Free Cash Flow 101

Pour illustrer notre définition du cash flow, voyez un petit épicier de quartier, au coin de la rue – l’endroit où tout le monde achète les dépannages courants, sodas, bonbons, litres de lait, petits en-cas et journaux.

Cash Flow et Profit Réel

Sur le comptoir, un tiroir-caisse.
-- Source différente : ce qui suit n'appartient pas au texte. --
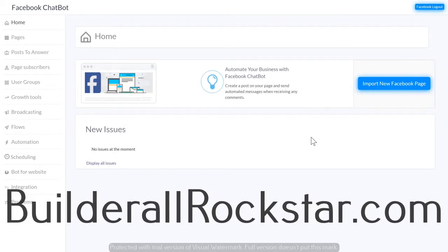The Builderall chatbot is awesome in the fact that it can connect to unlimited pages, hold unlimited subscribers, and send unlimited messages, which is super valuable because most competitors charge way more for a limited number of each. So in this video we went over the Builderall chatbot, what they are and how you can use them.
Dans ce tiroir-caisse, se retrouve tout le cash payé par les clients pour leurs différents achats.

A la fin du mois, l’épicier sort de ce tiroir-caisse ce dont il a besoin pour regarnir ses étagères (renouveler son stock), payer son loyer et ses taxes, entretenir le magasin (un mur à repeindre ici, un carreau cassé là) et se verser un salaire, à lui et à ses deux adjoints qu’il emploie à temps-partiel (pour le remplacer lorsqu’il n’est pas derrière le comptoir).

S’il reste quelque chose dans le tiroir-caisse une fois toutes ces dépenses réglées, l’épicier a le choix entre :

(1) l’investir dans la croissance de son affaire – pourquoi par exemple ne pas racheter l’épicier de la rue d’à côté, et ainsi poser la première pierre d’un nouvel empire de l’épicerie de quartier ?
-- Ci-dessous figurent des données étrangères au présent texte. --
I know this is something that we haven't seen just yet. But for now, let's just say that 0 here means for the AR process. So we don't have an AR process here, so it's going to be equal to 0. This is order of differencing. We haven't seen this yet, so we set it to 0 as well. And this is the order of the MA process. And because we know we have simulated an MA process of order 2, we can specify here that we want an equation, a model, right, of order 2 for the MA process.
ou (2) repayer ses dettes, et par extension créer de la valeur pour l’actionnaire (lui-même) puisque le business lui appartient davantage à lui, et moins à ses créanciers (la banque);

sinon (3) se le verser pour se payer des vacances au soleil – soit l’équivalent d’un dividende.

Voilà ce qu’est le free cash-flow (en Français : cash-flow libre) : le cash qui reste dans le tiroir-caisse après avoir réglé toutes les dépenses opérationnelles (“opex”) et investi ce qu’il fallait pour maintenir le business fonctionnel et en état (“capex“, en l’occurrence dit de maintenance, à séparer d’un éventuel capex de croissance; le premier est nécessaire pour préserver la capacité bénéficiaire, le second est facultatif – il sert à croître).

C’est à partir de ce free cash-flow que sont issus tous les retours d’un business à ses actionnaires – qu’on parle de dividendes, de rachats d’actions, ou d’investissements de croissance qui serviront justement à doper les futurs retours (à condition bien sûr que lesdits free cash-flows soient bien investis, ce qui est tout sauf acquis).

Avant d’allonger son précieux capital en bourse, surtout bien se poser la question : le business dans lequel j’investis génère-t-il du free cash-flow (de l’authentique profit cash qu’il pourra ensuite me redistribuer) ? Ou bien les dépenses en capex de maintenance vampirisent-ils tout (situation classique chez les constructeurs automobiles, les producteurs de matières premières ou les sidérurgistes, par exemple) ?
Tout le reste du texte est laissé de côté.